Need understanding of proprietary code?
Build a vector database.
In theory, this solves the problem.
The model receives relevant information before generating its response.
And to some extent, it works.
RAG absolutely improves answers.
A model that knows nothing about a project can suddenly discuss classes, methods, APIs, and documentation that were never part of its original training.
But there is an important distinction.
RAG provides information.
It does not provide skill.
The Karate Master and the Singer
Imagine a karate master.
Now give him a library full of books about singing.
He can read them.
He can quote them.
He can explain vocal exercises.
He can discuss music theory.
He can summarize techniques.
But that does not make him a singer.
The books provide knowledge.
They do not change who he is.
This is how RAG often feels in practice.
The model gains access to information.
But it does not fundamentally acquire new abilities.
Its internal structure remains unchanged.
Its strengths remain the same.
Its weaknesses remain the same.
The training weights have not moved a single bit.
The Scorpion

Eventually I found myself thinking about the famous scorpion fable.
The scorpion crosses the river on the frog’s back.
Halfway across, the scorpion stings the frog.
“Why did you do that?” asks the frog.
“Because it’s my nature,” replies the scorpion.
This is what happens when local models encounter specialized domains.
At first, they use the provided documentation.
They follow the context.
They appear knowledgeable.
But when the conversation becomes difficult, when context becomes fragmented, or when token limits start removing important information, the model begins filling the gaps.

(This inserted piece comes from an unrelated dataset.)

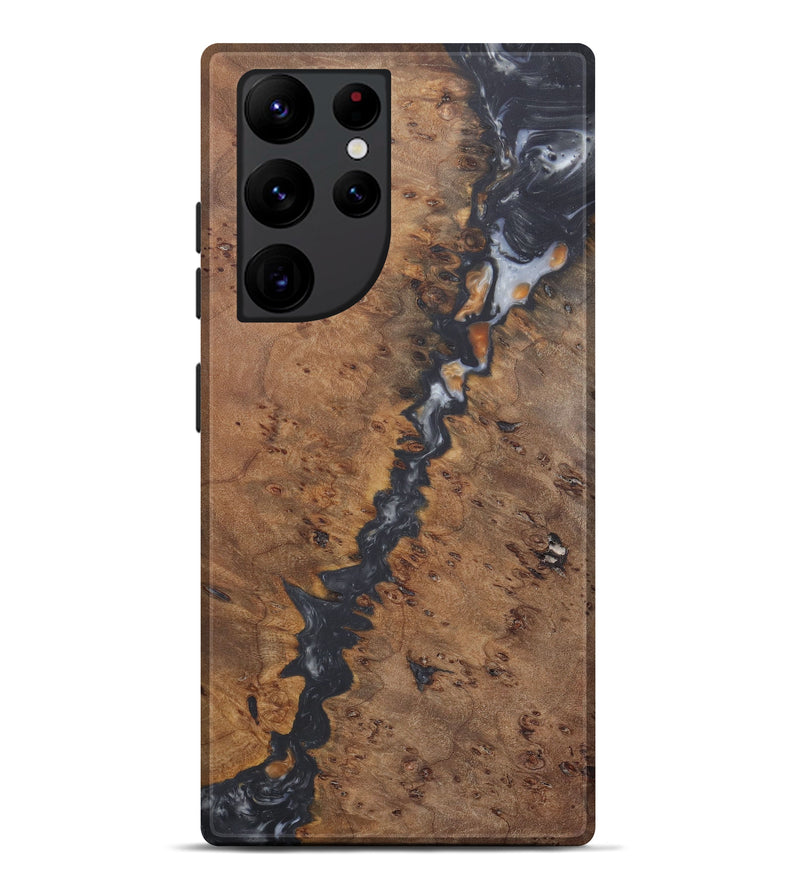 Galaxy S22 Ultra Wood+Resin Live Edge Phone Case - Ginnifer (Black & White, 576799)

And what does it use to fill those gaps?
Its nature.
Its training.
Its original statistical assumptions.
Methods appear that never existed.
APIs are invented.
Classes are hallucinated.
Behavior from completely different ecosystems suddenly appears inside Ruby code.
The scorpion returns.
Not because the model wants to hallucinate.
Not because it is broken.
But because it is operating beyond the limits of what it truly knows.
The Cost of Fighting Nature
One of the most surprising discoveries was how expensive it becomes to fight these limitations.
The solution is always the same:
Add more context.
Add more documents.
Add more embeddings.
Add more retrieval.
Add more tokens.
But every layer introduces cost.
More RAM.
More storage.
More CPU cycles.
More indexing.
More maintenance.
Eventually, a different question emerges.
The problem is no longer finding information.
The problem is getting the model to use that information correctly.
This is where many local AI experiments become frustrating.
The engineering effort grows faster than the quality improvements.
Why Bigger Models Exist
This experience also changed how I think about large models.
I used to assume that larger models simply knew more facts.
Now I think the story is more complicated.
Large models are not only storing more information.
They are also developing richer internal representations.
They have seen more edge cases.
More domains.
More unusual combinations of concepts.
More examples of technologies that smaller models rarely encounter.
In a sense, large models spend billions of parameters trying to reduce the distance between their nature and the problems we eventually ask them to solve.
Conclusion
After weeks of experimentation, I still believe RAG is valuable.
It is one of the best strategies available for customizing model responses.
But I no longer see it as a magic solution.
RAG does not transform a model into an expert.
RAG does not rewrite training.
RAG does not eliminate limitations.
RAG gives the model a memory.
Training gives the model its nature.
And when memory becomes incomplete, the model eventually falls back to what it has always been.
The original sin remains.
And somewhere inside every language model, the scorpion is still waiting.